ただし同じ構造が、循環性への懸念も生む。ハイパースケーラーが供給者であり顧客であり投資家であり評価の裏書人でもある閉じたループのなかで、報告される売上の一部が独立した外部需要ではなく還流した資本ではないか、という疑いは消えていない。テック株がS&P500の39%超を占め、2000年のドットコム期のピークを上回っているという事実が、この疑いを増幅している。

今後──いつ、何が計測可能になるか

VCの視点で「次に検証可能になるもの」を時系列で置くと、論点は自然に整理される。
第一が 公開版S-1 である。ここで初めて、監査済みの財務諸表、株式報酬の実額、コンピュート契約の残存コミットメント、そしてLTBTと公開株主の関係を含むリスクファクターが世に出る。倍率論争も、循環取引の疑いも、「オペレーティングリース対自社保有」というシュロスマン氏の問いも、すべてこの文書で答え合わせができる。IPOが10月であれば、価格レンジを含む公開版はその数週間前に出る。
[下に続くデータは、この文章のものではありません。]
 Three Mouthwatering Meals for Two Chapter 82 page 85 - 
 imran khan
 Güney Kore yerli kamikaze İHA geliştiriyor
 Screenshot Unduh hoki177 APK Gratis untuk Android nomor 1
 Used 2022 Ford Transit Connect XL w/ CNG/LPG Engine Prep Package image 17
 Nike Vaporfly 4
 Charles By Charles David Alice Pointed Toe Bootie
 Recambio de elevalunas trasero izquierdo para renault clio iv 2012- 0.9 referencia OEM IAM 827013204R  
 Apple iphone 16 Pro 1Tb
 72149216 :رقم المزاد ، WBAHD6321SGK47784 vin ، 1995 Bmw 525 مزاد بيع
第二が 2026年第3四半期(7〜9月)の実績 だ。Anthropic自身が「第2四半期以降の四半期では黒字を維持する見通しではない」と投資家に伝えている以上、赤字への回帰は想定内であり、注視すべきは水準ではなく方向である。具体的には、SpaceX契約のランプアップ割引が満額料率に切り替わった後にコンピュート/売上比率が56セントからどこまで戻るか。Google・Broadcomの次世代TPU容量が2027年からの立ち上げである以上、2026年後半は最も割高なコンピュートで最も急な需要を捌く時期に当たる。
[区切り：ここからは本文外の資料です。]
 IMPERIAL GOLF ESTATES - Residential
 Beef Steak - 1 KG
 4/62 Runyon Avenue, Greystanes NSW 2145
第三が 売上の再加速の真偽 である。出資者が語る年内1,000〜1,200億ドルの年換算売上は、第2四半期の年換算約460億ドルから年末までに2倍以上を要求する。この検証は、四半期開示か、上場後の初回決算まで待つことになる。第4四半期の数字が最初の本当の答えになる。
第四が 競合の動き だ。OpenAIはアルトマンCEOの2026年後半案とフライアーCFOの2027年案が並立したまま、経営陣の離脱と6,000億ドル規模の支出コミットメントを抱えている。Anthropicが先に上場して公開市場の評価を確定させれば、OpenAIの上場戦略は前倒しか延期のどちらかに強く引っ張られる。Googleは次期Geminiの遅れと中核研究者の流出という二重の課題に直面しており、Discovery Loopの立ち上がり方も間接的な指標になる。
第五が 製品と規制 である。Claude Sonnet 5の価格は9月1日に改定される見込みで、Fable系の次期モデル投入も取り沙汰されている。値付けと能力の同時改定は、コーディング市場で54%というシェアの持続性を測る材料になる。政策面では、2026年3月に流出した社内メモをめぐるアモデイCEOの謝罪と、国防関連で受けたサプライチェーン・リスク(SCR)指定という摩擦が残る。7月21日にPublic First Actionへ2,000万ドル(約32億円)を拠出し、8月4日にクエヤル氏を政策責任者に迎えたのは、この摩擦への構えを固める動きと読める。公開会社になれば、政治的な立ち位置そのものが開示と株価の対象になる。
創業からわずか5年半の企業が、四半期に115億ドルを売り上げ、一度だけ営業黒字を出し、2兆ドルの値札を期待される。その値札が正当化されるかどうかは、10月までに出てくる一通の目論見書と、その次の四半期の数字が決める。